The author keeps the narrative moving by interspersing humorous short chapters such as why Wal-Mart is the worst place in the world to buy a guitar with more developed, well-researched chapters, such as the role of radio in popularizing the guitar. Along the way you will meet guitar legends ranging from Hawaiian Joseph Kekuku, the innovator of the slide steel guitar, to George Gruhn, owner of the Mecca of vintage instruments, Gruhn's Guitars of Nashville.

The writing is topnotch. Here are some examples.

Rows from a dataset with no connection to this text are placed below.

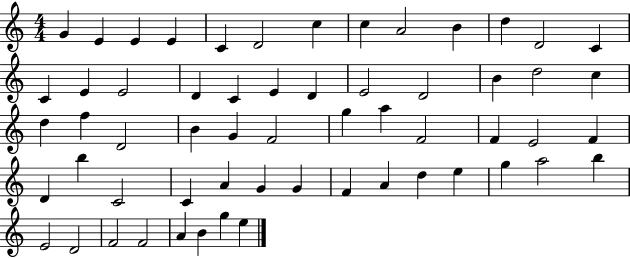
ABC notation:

X:1
T:Untitled
M:4/4
L:1/4
K:C
G E E E C D2 c c A2 B d D2 C C E E2 D C E D E2 D2 B d2 c d f D2 B G F2 g a F2 F E2 F D b C2 C A G G F A d e g a2 b E2 D2 F2 F2 A B g e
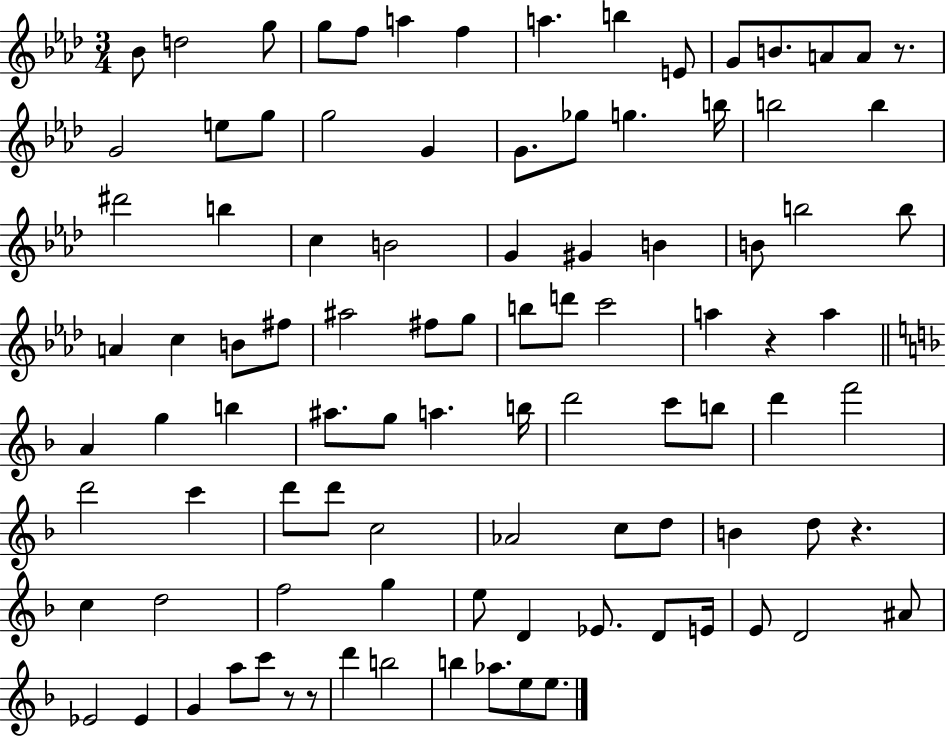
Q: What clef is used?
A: treble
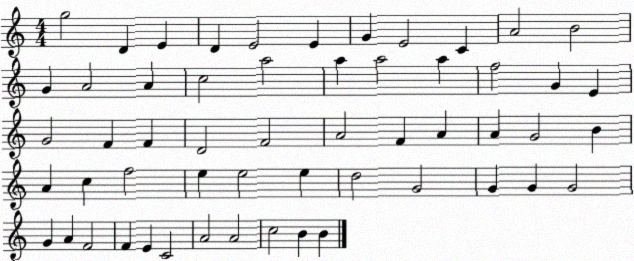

  • Describing his beloved, shattered guitar, an English-made Fylde: "I bought it in 1980, when I was an unfinished person, a collection of bits and pieces, surviving by my wits until a better idea occurred to me."
  • Describing his in-process guitar: "The next time I see the sides (of the guitar), they have crossed a conceptual line. When they were still flat, albeit thin, boards, they looked like pieces of wood, once pieces of a tree. Now for the first time they embody human purpose and design."
  • Describing a piece of classical music by Albeniz as transcribed by Segovia: "The piece seems to be utterly at home in its idiom, to have grown up in the same village as the guitar, to have hung out smoking cheap cigarettes on the same street corner."
  • Upon putting strings on his guitar for the first time: "Strings mark the guitar's passage through time, especially its passage from an agricultural to an industrial world."

This is good stuff, a very disciplined jam. I can't speak for non-guitarists (although some might argue that I am one), but I think this book is entirely readable for music-lovers, cultural observers and anyone who likes a good read.


Stephen Morris is a business consultant, writer and founder of The Public Press (www.thepublicpress.com). He still plays his guitar, although his musical development ended in 1966.